The test script is as follows:


cd /data/mail || exit -1

zfs destroy data/temp

foreach i ( gzip-1 gzip-2 gzip-3 gzip-4 gzip-5 gzip-6 \
	gzip-7 gzip-8 gzip-9 lzjb ) {
  echo "DEBUG: Doing $i"
  zfs create -ocompression=$i data/temp
  echo "DEBUG: Partition created"
  t1=$(date +%s)
  find . | cpio -pdu /data/temp 2>/dev/null
  t2=$(date +%s)
  size=$(zfs list -H data/temp)
  compr=$(zfs get -H compressratio data/temp)
  echo "$i,$size,$compr,$t1,$t2,1"
  zfs destroy data/temp

  sleep 5

  echo "DEBUG: Doing $i - parallel"
  zfs create -ocompression=$i data/temp
  echo "DEBUG: Partition created"
  t1=$(date +%s)
  find . | sort | cpio -pdu /data/temp 2>/dev/null &
  find . | sort -r | cpio -pdu /data/temp 2>/dev/null &
  t2=$(date +%s)
  size=$(zfs list -H data/temp)
  compr=$(zfs get -H compressratio data/temp)
  echo "$i,$size,$compr,$t1,$t2,2"
  zfs destroy data/temp

zfs destroy data/temp

echo "DONE"


The script’s output was massaged with a bit of commandline awk and sed and vi to make a CSV file, which was loaded into R.

The runs were aggregated according to algorithm and whether one or two threads were used, by taking the mean removing 10% outliers.

Since it is desirable for an algorithm both to compress well and not take much time to do it, it was decided to define efficiency = compressratio / timetaken.

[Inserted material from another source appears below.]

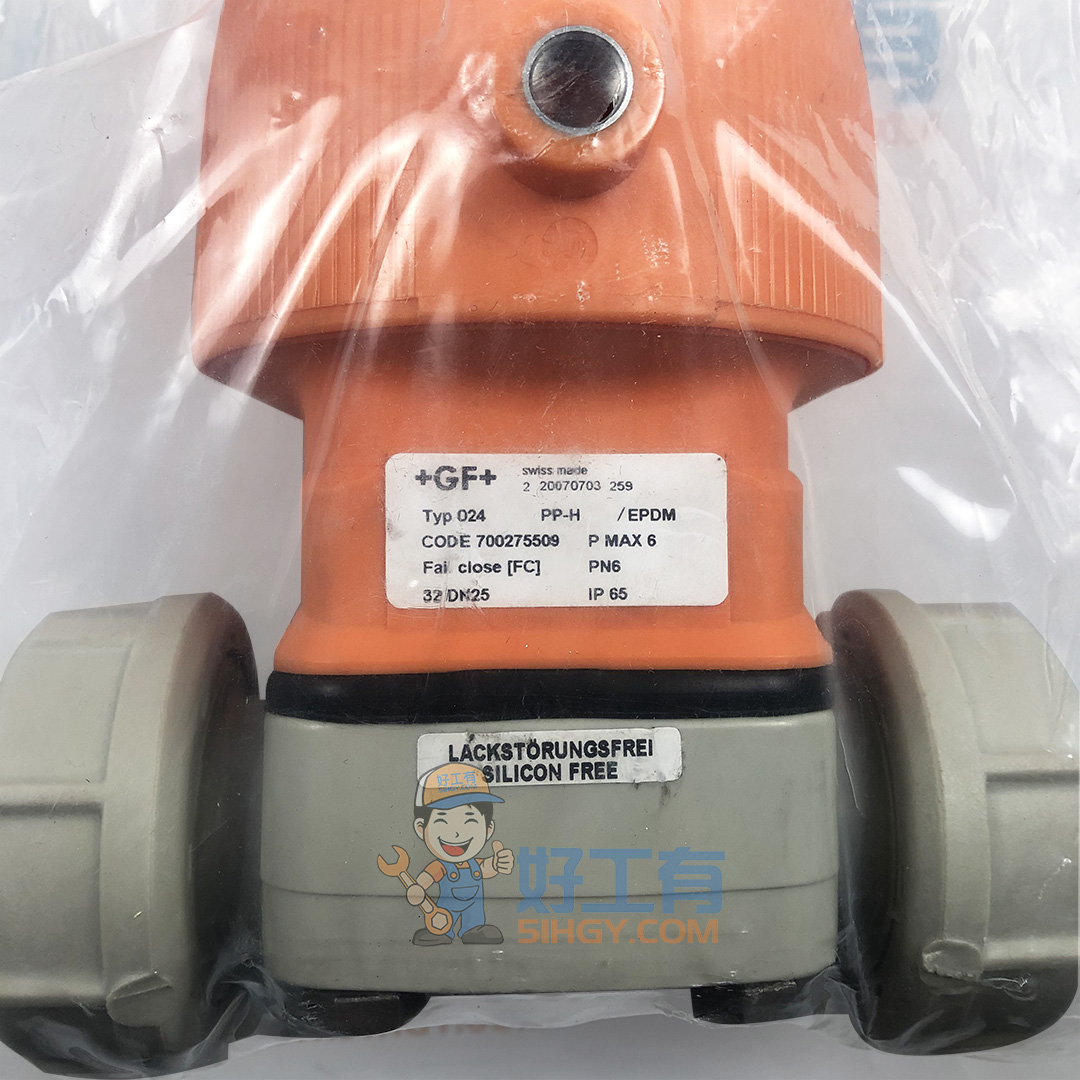 G+F  024 PP-H/EPDM阀 198.151.453 d32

The aggregated data looks like this:

algorithm nowriters eff timetaken compressratio
1 gzip-1 1 0.011760128 260.0 2.583
2 gzip-2 1 0.011800408 286.2 2.613
3 gzip-3 1 0.013763665 196.4 2.639
4 gzip-4 1 0.013632926 205.0 2.697
5 gzip-5 1 0.015003015 183.4 2.723
6 gzip-6 1 0.013774746 201.4 2.743
7 gzip-7 1 0.012994211 214.6 2.747
8 gzip-8 1 0.013645055 203.6 2.757
9 gzip-9 1 0.012950727 215.2 2.755
10 lzjb 1 0.009921776 181.6 1.669
11 gzip-1 2 0.004261760 677.6 2.577
12 gzip-2 2 0.003167507 1178.4 2.601
13 gzip-3 2 0.004932052 539.4 2.625
14 gzip-4 2 0.005056057 539.6 2.691
15 gzip-5 2 0.005248420 528.6 2.721
16 gzip-6 2 0.004156005 709.8 2.731
17 gzip-7 2 0.004446555 644.8 2.739
18 gzip-8 2 0.004949638 566.0 2.741
19 gzip-9 2 0.004044351 727.6 2.747
20 lzjb 2 0.002705393 900.8 1.657

A plot of efficiency against algorithm shows two clear bands, for the number of jobs writing simultaneously.


In both cases, the lzjb algorithm’s apparent speed is more than compensated for by its limited compression ratio achievements.

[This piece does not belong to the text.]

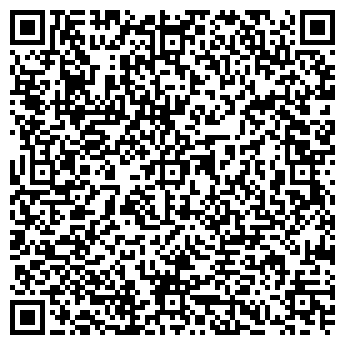 QR-код с контактной информацией организации Автомойка на Октябрьской, 233Б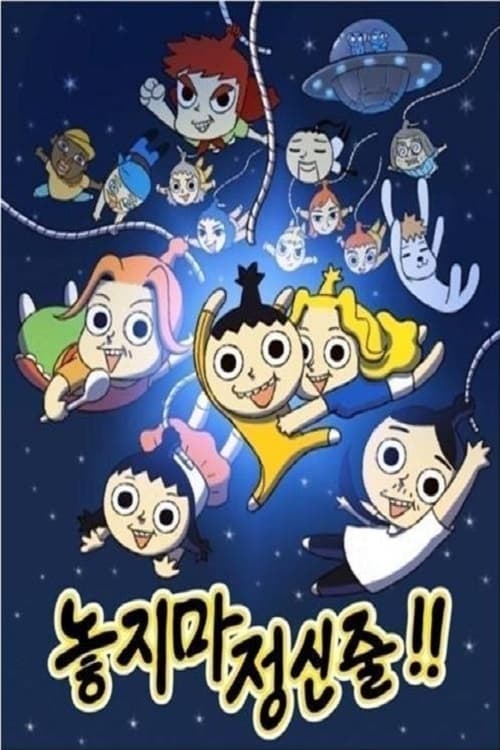 놓지마 정신줄 Season 2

The consequences of using two writer processes are two-fold: first, the overall efficiency is not only halved, but it’s nearer to only a third that of the single writer – there could be environmental factors at play such as caching and disk i/o bandwidth. Second, the variance overall has increased by 8%:

> aggregate(eff ~ nowriters, data, FUN=function(x) { sd(x)/mean(x, trim=0.1)*100.} )
 nowriters eff
1 1 21.56343
2 2 29.74183

so choosing the right algorithm has become more significant – and it remains gzip-5 with levels 4, 3 and 8 becoming closer contenders but gzip-2 and -9 are much worse choices.

Of course, your mileage may vary; feel free to perform similar tests on your own setup, but I know which method I’ll be using on my new mail server.